THREE REPUBLICANS VOTE WITH THEIR FEET ON INCREASING BUDGET
On Monday morning, the House Finance subcommittee on Education started to erase, line by line, the Gov. Dunleavy education budget from discussion, and put in its place the FY 2019 budget for education, which would form the basis for the discussion and amendments for the FY 2020 budget.
But the meeting didn’t get very far before the three Republican members of the subcommittee objected to the process and eventually all three of them walked out of committee to bring attention to what they said was a committee that was changing its rules, with no transparency.
Essentially, Reps. DeLena Johnson, Josh Revak and Ben Carpenter were sending a message to Alaskans and the rest of the Legislature that it was likely that all of the Finance subcommittees were using the upside-down budgeting method that would force minority members to actually vote against the governor’s budget.
The method uses the 2019 as the base, and subcommittee members then vote on each line of Dunleavy’s budget. If the Dunleavy line fails, then the base budget moves ahead.
The three minority members were told by committee Chairman Daniel Ortiz of Ketchikan that they could raise their issues as amendments on Wednesday. Monday’s votes were to be on “action items.”
That didn’t set well with Rep. DeLena Johnson, who asked Ortiz to clarify what was actually going on and why all of these “action items” were being done outside of the amendment process, when it was clear that they were amendments.
“The committee brought forward 34 budget amendments this morning – all of which increased government spending – and wouldn’t allow for debate on any of them,” said Johnson later. She was the one who led the objections that characterized the entire meeting, most of which was done in an undeclared at-ease, with the microphones turned off.
Johnson protested the “action item” method of amending the budget and asked Committee Chair Daniel Ortiz to clarify the process because it was clear that the budget in front of them was not the governor’s budget.
Ortiz said that he too had been confused.

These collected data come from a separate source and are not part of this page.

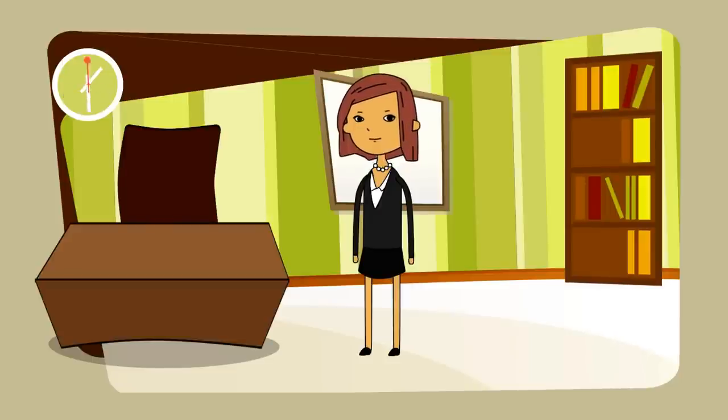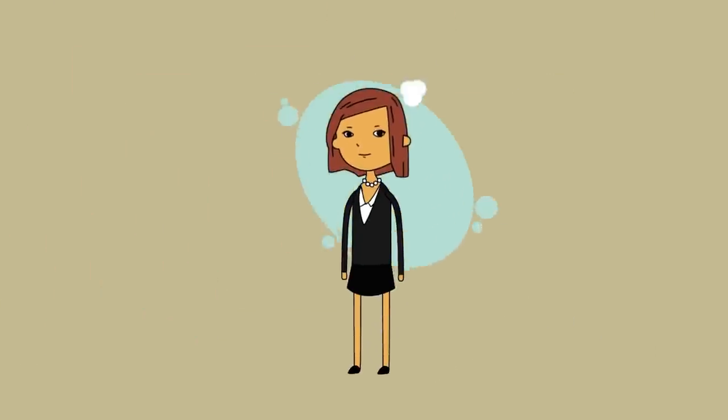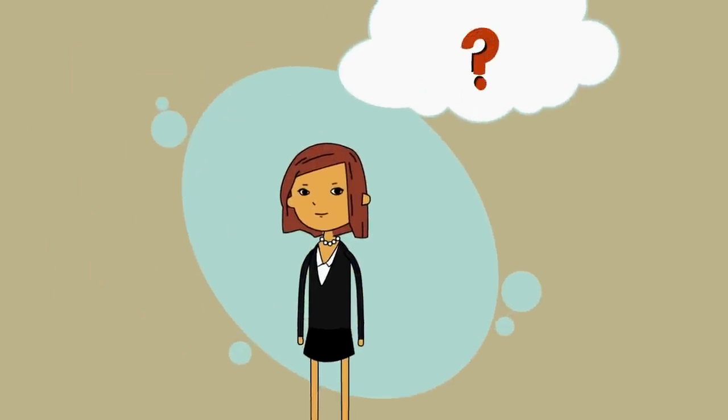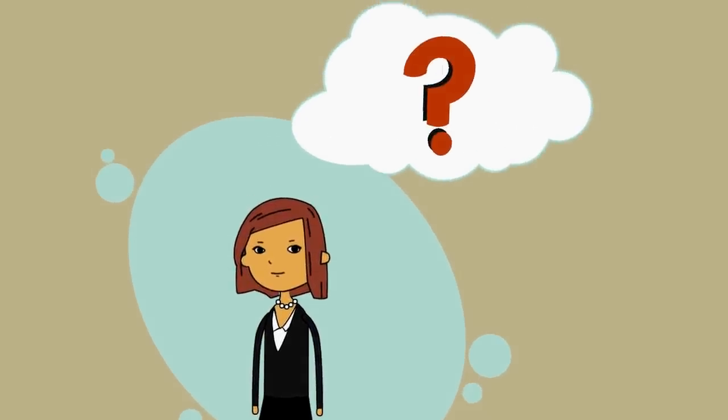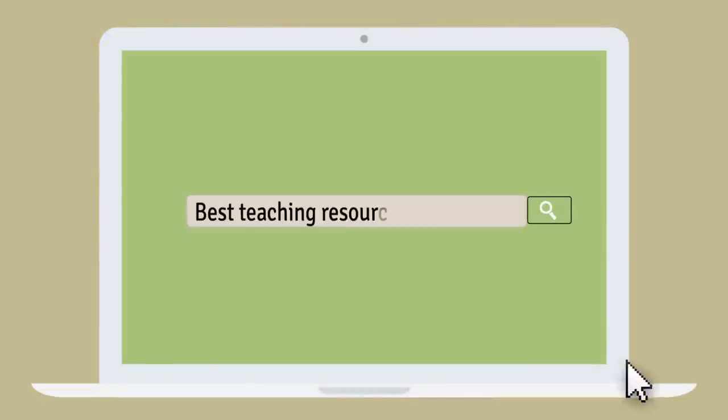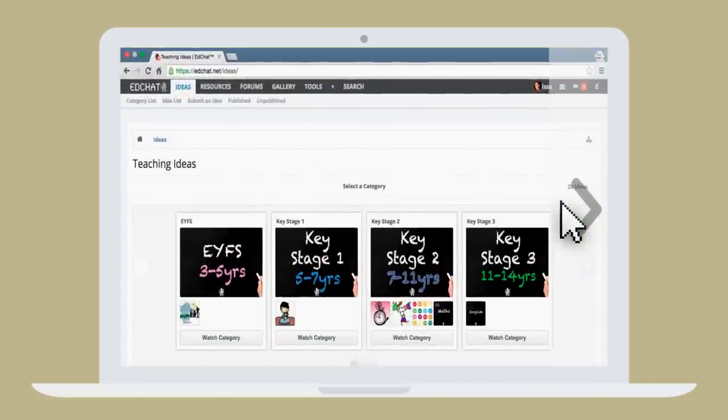But Ms. Smith has a problem. She has to spend hours away from her family and friends, making resources she's sure other people have made before. Ms. Smith goes online to find the best teaching resources and ideas and discovers edchat.net.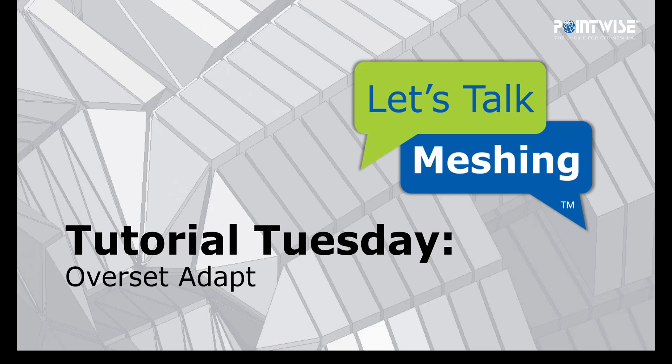Hello, and welcome to Let's Talk Meshing's Tutorial Tuesday, where we show you how to use a feature in just a couple of minutes.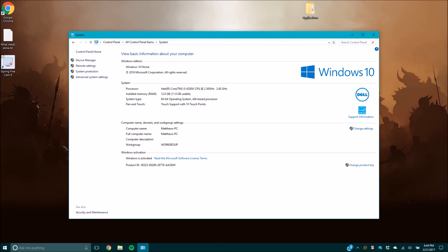And now you know how to find the bit of your operating system. Please comment and like if you'd like to see more of these videos. Thanks and have a great day.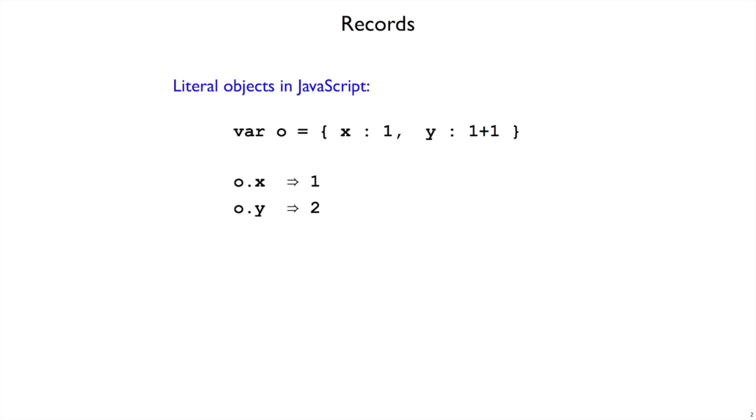Many languages, including JavaScript, have a notion of objects or records that combines a bunch of values, each of which is tagged by a field name. In this little fragment of JavaScript code, I'm defining O to be a literal object that has an x field whose value is 1 and a y field whose value is going to be 2.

“To be perfectly honest with you — this is all off the record — to tell you the truth, I wasn’t sure how we were going to work through this process. We were trying to get some instruction through the co-chairs of Finance as to exactly how we were going to deal with this because there was a question of — we’re starting with the FY adjusted base budget, but we still were required to address the governor’s suggested numbers in the budget,” he explained.
Ortiz had just admitted that the committee was dealing with two budgets — last year’s as a base, and the governor’s budget.
“This isn’t how the committee process is supposed to work and it is not the process that was agreed to beforehand. I’m not going to be a rubber stamp for an agenda that clearly aims to take more money out of the pockets of hardworking Alaskans without telling them,” Johnson said in a statement later.
Rep. Josh Revak was the first to vote with his feet, even as Rep. Ben Carpenter continued to argue against the predetermined outcome of the education budget.
“It has become clear after the first few weeks of the budget process that the Democrat-led House Majority intends to suppress debate with those who disagree and create a platform for those who agree with their agendas,” Revak said. “Regardless of whether you’re represented by a member of the minority or the majority, every Alaskan deserves to have a voice in this process.”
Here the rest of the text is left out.